Jamestown, NY

“Photonominal ’93”

The Forum Gallery

Curated by Carlos Gutierrez-Solana, this show of contemporary photography was, paradoxically, both a broad-based survey and a carefully considered thematic exercise. The human figure became a means of disseminating the questions of eroticism, social role-playing, and intimacy raised by the 19 photographers in the show, in spite of their wide-ranging formal strategies.

John Rand’s “Bear” portraits—studio shots of hairy, heavyset men—address the need for more diversity in depictions of the ideal male figure, and serve as a document of Bear culture, a subset of gay culture. Juxtapose Rand’s portraits with Kelly R. Vancil’s “rediscoveries” of the male form—softly toned celebrations of models who must devote at least 10 of 24 hours to the upkeep of their splendid physiques. While Vancil claims that he, too, is trying to debunk conventional notions of masculinity (through the soft toning), in fact his portraits only serve to continue the tradition of depicting the male body as “sublime.” Rand’s mission is by far the more subversive and satisfying.

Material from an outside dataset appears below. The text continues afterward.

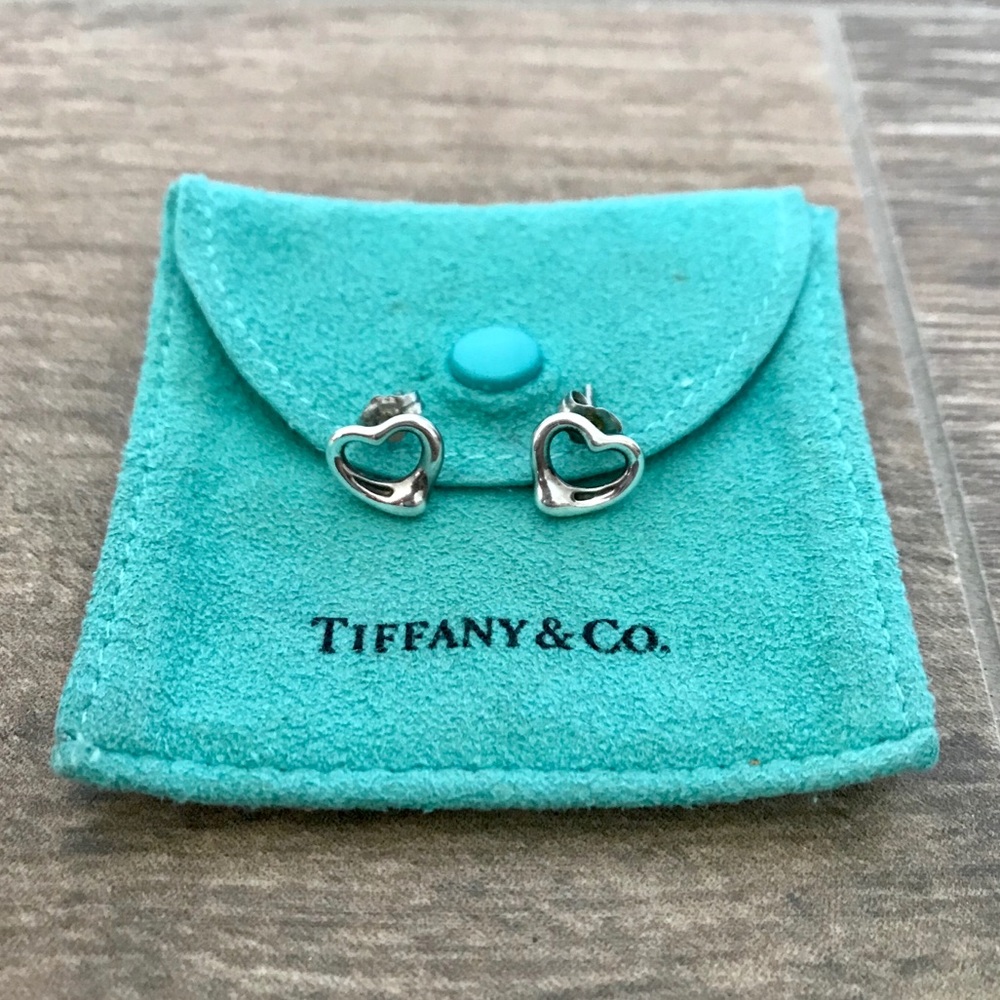 Tiffany and Co. Open Heart Earrings💙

Ultimately, such dialogues are exactly what made this such a rewarding exhibition. Even more laden with tension is the debate among several of these photographers about questions of voyeurism and invasion. Enlarged contact sheets from Patrick Miceli are filled with casual portraits of sex workers he paid to sit for him. A handwritten narrative below each sheet tells of the encounter and gives some rather harrowing information about the ultimate fate of his models. An Hispanicprostitute, Rose, died of AIDS-related complications three months after their session. Although the models seem cheerful (probably relieved) about making such easy money, the works raise serious questions about the extent to which these people have been violated, and the purpose that these documentations serve. Adrienne Salinger’s large, color portraits from her “Teenagers In Their Bedrooms” series, 1990-91—obtained for less dubious pretenses—seem to stick more closely to the idea of empowering rather than exploiting her subjects.

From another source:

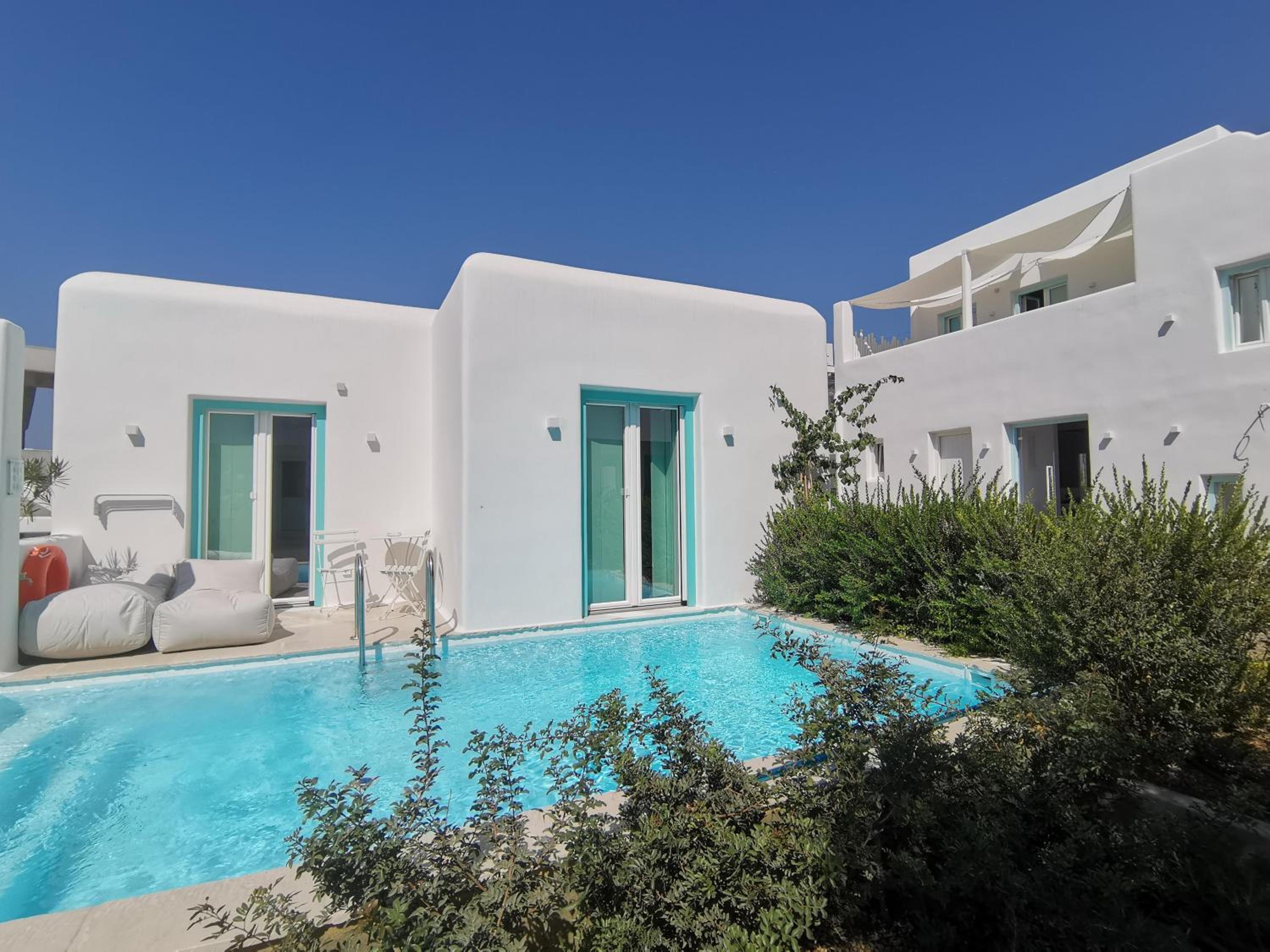 Premium Suite with Private Pool - Photo 11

The straightforward documentary work shown here, from Jeffrey Scales and M. K. Rynne, diverged even more widely in terms of how it addressed the autonomy of the subjects photographed. Scales’ shots of African-American men maintain a formal distance: they are elegant representations of cultural rituals that often cut across racial boundaries. By contrast, Rynne’s grainy enlargements of female strippers and their audiences don’t come close to substantiating her notion that these women are somehow “making sexuality an instrument of liberation and power.”

Other work stood slightly outside these issues of representation, but was no less engaging for its idiosyncrasy. A single image from Robin Tressler’s romantic “Shadow Sides” series, 1991, focused on mystery and emotion, her model emerging from a blackened void. K. Iuppa and Sarah Hart presented humorous outtakes on the rituals necessary to create femininity, including dress fittings, hair sessions, and shopping marathons—all the exquisite tortures women regularly submit to and subsidize.

Although the choices made by many of these photographers seemed to work against their stated intentions, Gutierrez-Solana succeeded admirably in contributing to the contemporary debate about photography’s social function.